A Guide to EB-5 Processing Times
The EB-5 industry has undergone extensive reforms under the EB-5 Reform and Integrity Act of 2022 (RIA). These updates were designed to strengthen investor protections and improve the efficiency of United States Citizenship and Immigration Services (USCIS). The RIA has also helped to address the EB-5 visa backlog, but processing times for petitions still vary depending on the number of pending applications in each visa category.
Processing Times for I-526E and I-829 Petitions
Depending on the applicant’s country of origin, the processing time for these petitions could take several years. Since the implementation of the RIA, I-526E petition turnaround times have been decreased significantly.
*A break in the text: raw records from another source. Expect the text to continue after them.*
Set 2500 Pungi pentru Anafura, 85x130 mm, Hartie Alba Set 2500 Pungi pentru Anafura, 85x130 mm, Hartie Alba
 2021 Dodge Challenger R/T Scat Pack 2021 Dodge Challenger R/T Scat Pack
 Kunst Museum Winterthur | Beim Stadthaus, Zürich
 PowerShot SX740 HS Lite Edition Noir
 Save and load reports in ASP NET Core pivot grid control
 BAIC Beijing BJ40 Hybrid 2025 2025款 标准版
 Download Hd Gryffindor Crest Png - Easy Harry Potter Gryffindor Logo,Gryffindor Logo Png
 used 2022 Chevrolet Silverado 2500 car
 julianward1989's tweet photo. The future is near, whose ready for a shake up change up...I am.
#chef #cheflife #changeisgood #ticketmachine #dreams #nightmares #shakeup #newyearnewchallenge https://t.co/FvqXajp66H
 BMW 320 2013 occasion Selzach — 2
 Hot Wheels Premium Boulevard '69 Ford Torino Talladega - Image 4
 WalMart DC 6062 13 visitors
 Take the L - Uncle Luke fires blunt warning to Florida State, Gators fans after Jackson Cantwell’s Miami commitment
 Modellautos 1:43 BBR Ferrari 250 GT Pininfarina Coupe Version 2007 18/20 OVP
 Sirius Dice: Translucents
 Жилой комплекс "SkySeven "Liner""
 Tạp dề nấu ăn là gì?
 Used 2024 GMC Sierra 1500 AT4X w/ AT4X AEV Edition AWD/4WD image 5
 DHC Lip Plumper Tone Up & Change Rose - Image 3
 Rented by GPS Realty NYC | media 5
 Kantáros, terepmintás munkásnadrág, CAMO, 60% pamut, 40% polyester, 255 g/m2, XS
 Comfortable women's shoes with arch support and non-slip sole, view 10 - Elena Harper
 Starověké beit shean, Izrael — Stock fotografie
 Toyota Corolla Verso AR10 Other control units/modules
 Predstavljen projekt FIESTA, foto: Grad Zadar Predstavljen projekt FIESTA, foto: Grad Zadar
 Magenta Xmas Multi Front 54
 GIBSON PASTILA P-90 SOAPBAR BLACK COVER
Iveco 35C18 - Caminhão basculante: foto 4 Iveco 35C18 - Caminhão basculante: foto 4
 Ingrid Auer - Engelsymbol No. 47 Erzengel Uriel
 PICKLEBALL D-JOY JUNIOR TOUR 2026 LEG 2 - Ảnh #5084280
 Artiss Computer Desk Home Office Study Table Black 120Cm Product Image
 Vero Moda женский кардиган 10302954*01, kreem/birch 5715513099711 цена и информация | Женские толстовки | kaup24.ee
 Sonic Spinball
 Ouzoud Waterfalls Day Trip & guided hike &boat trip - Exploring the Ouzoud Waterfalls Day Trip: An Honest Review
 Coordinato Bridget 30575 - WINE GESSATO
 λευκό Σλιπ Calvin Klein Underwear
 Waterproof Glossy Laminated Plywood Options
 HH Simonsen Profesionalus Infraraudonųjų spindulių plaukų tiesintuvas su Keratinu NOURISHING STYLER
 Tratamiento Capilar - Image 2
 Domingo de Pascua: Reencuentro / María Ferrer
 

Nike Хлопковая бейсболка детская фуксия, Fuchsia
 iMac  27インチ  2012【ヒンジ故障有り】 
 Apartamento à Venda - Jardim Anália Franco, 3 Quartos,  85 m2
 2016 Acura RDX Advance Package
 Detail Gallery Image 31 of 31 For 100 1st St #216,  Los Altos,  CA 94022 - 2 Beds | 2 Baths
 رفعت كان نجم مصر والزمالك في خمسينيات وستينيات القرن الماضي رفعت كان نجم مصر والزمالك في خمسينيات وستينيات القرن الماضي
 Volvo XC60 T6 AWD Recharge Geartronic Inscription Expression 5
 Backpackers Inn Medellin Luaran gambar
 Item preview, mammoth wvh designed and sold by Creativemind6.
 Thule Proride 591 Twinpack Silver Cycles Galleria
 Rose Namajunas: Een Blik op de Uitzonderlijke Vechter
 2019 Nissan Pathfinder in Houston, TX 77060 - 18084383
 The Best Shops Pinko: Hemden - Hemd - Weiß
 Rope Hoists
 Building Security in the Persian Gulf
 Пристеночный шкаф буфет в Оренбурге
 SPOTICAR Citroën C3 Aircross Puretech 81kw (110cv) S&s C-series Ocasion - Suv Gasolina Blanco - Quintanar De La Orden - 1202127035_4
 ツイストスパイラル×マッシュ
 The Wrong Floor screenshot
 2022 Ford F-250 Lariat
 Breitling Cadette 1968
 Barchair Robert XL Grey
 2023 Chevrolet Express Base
This is due to enhanced operational efficiency at the Immigrant Investor Program Office (IPO) and the utilization of reserved visa categories for targeted projects, such as those located in high-unemployment areas.
Factors Affecting EB-5 Processing Times
Estimating the processing time for EB-5 petitions is difficult because each case is unique and each I-526E and I-829 petition is adjudicated according to investor-specific criteria. That said, the USCIS website provides the most current estimate for processing times. Factors that could impact the processing times include whether the EB-5 project is in a reserved category and whether the applicant can adjust their status at the same time as filing their I-526E petition.
- Reserved Visa Processing times
Investing in a targeted-employment area (TEA), such as in a high-unemployment area EB-5 project, could potentially reduce processing times for the applicant given 32% of the 10,000 EB-5 visas (annually allocated) are reserved for these types of projects.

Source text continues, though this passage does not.